In a world driven by financial metrics, key performance indicators are expanding to include a company's performance in managing risks, in addition to return on investment and cost of capital. Hence CFOs are being increasingly included in the development of strategic risk management processes and solutions rather than solely on the costs involved.

Aon’s Crystal Ball, predicting how the insurance and risk industries will evolve, sees CFOs escalating their effectiveness in terms of risk management. The global insurance broker also expects to see more companies appointing Chief Risk Officers (CROs). This role, working in partnership with the CFO, is helping to elevate risk management to the board and increase the standards of professionalism in handling the risks facing their organisation. CFOs are gleaning insights from their CRO on appropriate stress test scenarios and decision making processes, in particular, around mitigating the risks around investment portfolios and factors affecting cost of capital.

However, Aon’s Global Risk Management Survey found that 62% of risk management functions report into a CFO or finance dept so over a third of companies could be bypassing this crucial role.

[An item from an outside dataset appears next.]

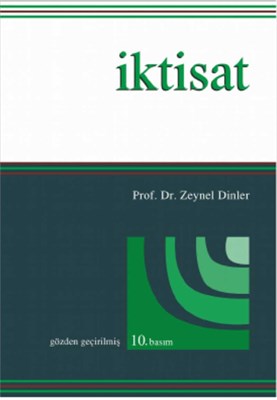 İktisat | Kitap Ambarı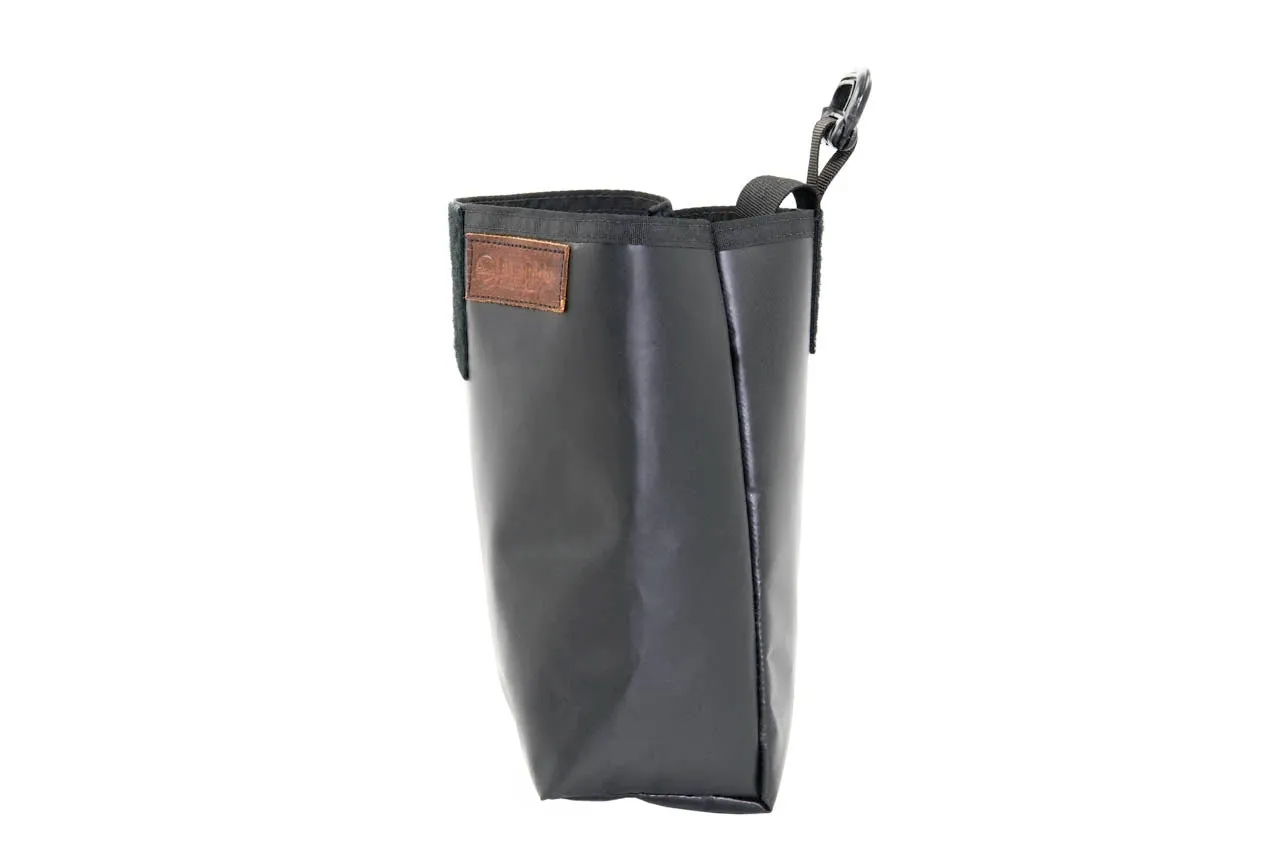 Roll-up Dump Pouch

At the session, Christa Davies, CFO of Aon Corporation, commented on her role in relation to risk management: "As CFO, my job is to manage risk for our firm and we have put in place solid business practices and a sound global finance team to manage risk holistically across the company. This is so we provide information in an efficient and effective manner to our business heads, and so that we can generate the best return on invested capital for our investors."

Ana Baranda, managing director and chief operating officer at Aon Spain, co-chairing the session, added: “Unpredictability was a key attribute of the global downturn and highlighted the need to adapt strategies that anticipate and respond to a changing landscape. As such CFOs are taking more responsibility within the risk management realm, for example looking at the cost of capital to judge and decide how they can offset risks to insurers for the appropriate price. The role is also extending to monitoring growth scenarios, such as expansion to new geographies and appraising the risks involved in these territories, and assessing the risks around outsourcing and the use of third parties.”

Marguerite Soeteman-Reijnen, chief broking officer EMEA for Aon Risk Services and co-chairperson, continued: ”CFOs would be able to greater protect their balance sheet if the insurability of risks increased. Supply and demand are subject to society's perception of risk. The past years have shown a steep increase in the awareness of the various risks corporations are facing. Only a small percentage of these risks however can nowadays be insured. The insurance industry and all respective stakeholders, including governments, must start innovating and investing to increase this proportion of insurability. Hence the supply of risk mitigation will enable our industry to meet our economic goals and demand from global businesses.”